Re-election of master causes ~40s cluster outage
erkolson opened this issue · 6 comments
The Elasticsearch team indicate (in issues/discussions) that a master re-election should only cause a ~5 second outage of the cluster. In practice, I am consistently seeing 40-55 second outages. It could possibly be related to #105 ?
By outage, I mean the clients timeout on any call, whether it be _cluster/health
or even _cat/indices
.
From looking at the logs, it appears that the remaining master eligible nodes notice that the actual master has left the cluster, they quickly re-elect a new master, then nothing happens for >30s. It appears the cluster is waiting for a response from the now dead master. When the dead master is finally removed (zen-disco-node-failed log messsage) everything works again.

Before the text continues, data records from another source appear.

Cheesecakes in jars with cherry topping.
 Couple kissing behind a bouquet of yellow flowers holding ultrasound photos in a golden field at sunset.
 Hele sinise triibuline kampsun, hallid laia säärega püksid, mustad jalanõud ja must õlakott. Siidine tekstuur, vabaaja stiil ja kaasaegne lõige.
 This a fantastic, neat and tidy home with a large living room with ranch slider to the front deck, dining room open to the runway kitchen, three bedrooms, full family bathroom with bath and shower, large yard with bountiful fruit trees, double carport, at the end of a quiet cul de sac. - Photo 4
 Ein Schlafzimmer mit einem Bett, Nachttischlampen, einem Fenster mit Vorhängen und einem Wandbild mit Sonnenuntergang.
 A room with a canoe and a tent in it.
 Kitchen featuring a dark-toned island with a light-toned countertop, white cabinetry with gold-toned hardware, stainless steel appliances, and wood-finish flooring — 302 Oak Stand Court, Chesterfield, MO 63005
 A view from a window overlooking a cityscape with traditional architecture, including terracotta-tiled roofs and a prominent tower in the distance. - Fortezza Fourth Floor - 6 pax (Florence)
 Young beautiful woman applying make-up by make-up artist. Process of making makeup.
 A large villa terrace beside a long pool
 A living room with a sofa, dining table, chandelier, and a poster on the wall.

This feels like a misconfiguration of the masters.
I've replicated the issue in both 5.x and 6.x.
I just gave it a try and with NETWORK_HOST
set to _eth0:ipv4_
on the masters and still see the same behavior.
Can you try the latest 6.3.1 images (this repo has yet to be updated) and report back? Want to make sure this isn't a version thing.
Also, can you reproduce this all the time? Have you tried different Kubernetes clusters?
I'm seeing the same behavior with 6.3.1.
So far, all of my testing has been in GKE, but I've seen this behavior across several versions. I have docker edge so can try with the kubernetes that provides if I have enough resources on my workstation.
After a lot of troubleshooting today I got the outage down to 14s. With help from a colleague who knows ES better than me today, we did lots of testing and log reading and adjusted the various timeouts available. From the logs, it looks like the cluster is waiting for an acknowledgement from the dead master about the new cluster state. Changing the timeouts in the masters wasn't enough, I eventually changed them in the clients and data nodes as well.
The image I'm using is based on yours, I've added some more configuration to elasticsearch.yml
discovery:
zen:
ping.unicast.hosts: ${DISCOVERY_SERVICE}
minimum_master_nodes: ${NUMBER_OF_MASTERS}
commit_timeout: ${ZEN_COMMIT_TIMEOUT}
publish_timeout: ${ZEN_PUBLISH_TIMEOUT}
fd:
ping_interval: ${FD_PING_INTERVAL}
ping_timeout: ${FD_PING_TIMEOUT}
ping_retries: ${FD_PING_RETRIES}
And these are the values from my the test run where the outage was down to 14s:
- name: ZEN_COMMIT_TIMEOUT
value: "5s"
- name: ZEN_PUBLISH_TIMEOUT
value: "5s"
- name: FD_PING_TIMEOUT
value: "1s"
- name: FD_PING_INTERVAL
value: "1s"
- name: FD_PING_RETRIES
value: "3"
These timeout values are all defaulted at 30s I believe.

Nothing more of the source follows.